Eras consciente de lo excepcional de tu existencia, aunque en tu relato todo resultaba de una naturalidad pasmosa. Como si haber hecho confesiones maritales junto a Jordi Pujol y señora estuviera a la orden del día; o empezar a estudiar furtivamente una carrera universitaria cuando ya tenías dos hijos y 22 años (en 1955, ojo; y luego vendrían tres hijos más); o tomarte copas en el Bocaccio con Juan Marsé, Carles Barral, Oriol Bohigas o Colita; o escribir tu primera novela con 58 años y ganar el premio Nadal tres años más tarde; o escaparte al carnaval del Río y regresar a las 24 horas; o dirigir la Biblioteca Nacional; o tener un burro llamado César en homenaje a cierto ministrillo...
Ay, Rosa; Rosa, querida. La primera vez que estuve frente a ti me sentí pequeña al lado de tu cuerpo menudo a pesar de sacarte dos cabezas. Pequeña por estar junto a una mujer que había hecho y dicho siempre lo que le había dado la real gana. No sé bien qué me asustaba, ahora soy otra (¿recuerdas?). Y de alguna manera lo soy gracias a ti, gracias a esa libertad, exuberante y fresca como el agua de la alberca, que te acompañó hasta el final porque era tan parte de ti como tú de ella. Hacer posible lo imposible se convirtió en tu seña de identidad. Y fue. Al escucharte todo parecía fácil, casi inexorable. Pero no lo era, Rosa: naciste en 1933 y fuiste mujer. No pudo serlo. Y creo que por eso te convertiste en espejo, en casa, en lugar al que regresar una y otra vez, y del que salir más fuerte y también más libre.

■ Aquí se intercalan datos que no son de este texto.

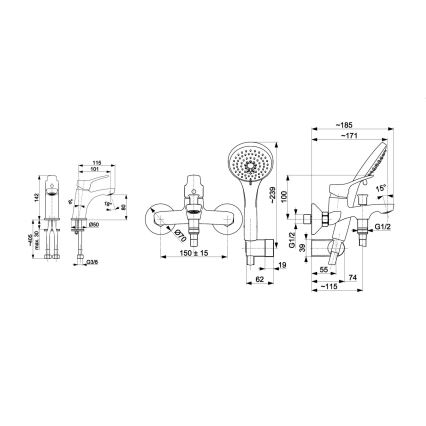 KFA Armatura 5241-003-00 - Vannas komplekts ar krānu + izlietnes krāns MORRIS spīdīgi hromēts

Fuera hacía un sol radiante mientras hablábamos y Cristina cocinaba uno de sus arroces con alcachofas. Ya habías leído la prensa y en la mesita junto a tu sillón tenías un ejemplar de Le Monde Diplomatique y varios libros. Esperábamos a gente para comer, porque tu casa era sitio de encuentro y disfrute: hijos, nietos, amigos, amigas, editores, periodistas, políticos, escritores. Mi pregunta no te gustó y, tras el gesto adusto, dejaste caer los párpados y te dormiste.
Al despertar, respondiste: "En Catalunya no tengo ningún reconocimiento porque he escrito siempre en castellano. Aunque ellos no lo admitirán nunca". ¿Por qué eliges escribir en castellano? "Porque es lo que sabía hacer. Yo aprendí a hablar en francés [cuando sus padres se exiliaron a Francia]. Cuando volví aquí tenía cinco años y aprendí a hablar en catalán, poquito, porque yo no estaba en mi casa, estaba en un colegio de monjas. Todo lo que estudié fue en castellano y por eso escribí en castellano. Me ven como catalana de pura cepa y precisamente por esto el castigo es mayor, porque siendo catalana de pura cepa escribo en castellano. Este es el legado de Jordi Pujol".
Hace tres semanas me hiciste un encargo. Creo que tú misma sabías que no podía dar respuesta a semejante petición, pero te encantaba ponernos a prueba, inteligentemente provocadora hasta el final. Y ahora se acabó, querida Rosa de mis amores y mis entretelas, se acabó siquiera la oportunidad de hacerte una propuesta tan descabellada como lo era tu reclamo y provocarte una carcajada y un "esto es tronchante, Virginie".
Ay, Rosa, querida. Rosa brillante, Rosa serena, Rosa vibrante, Rosa en esencia.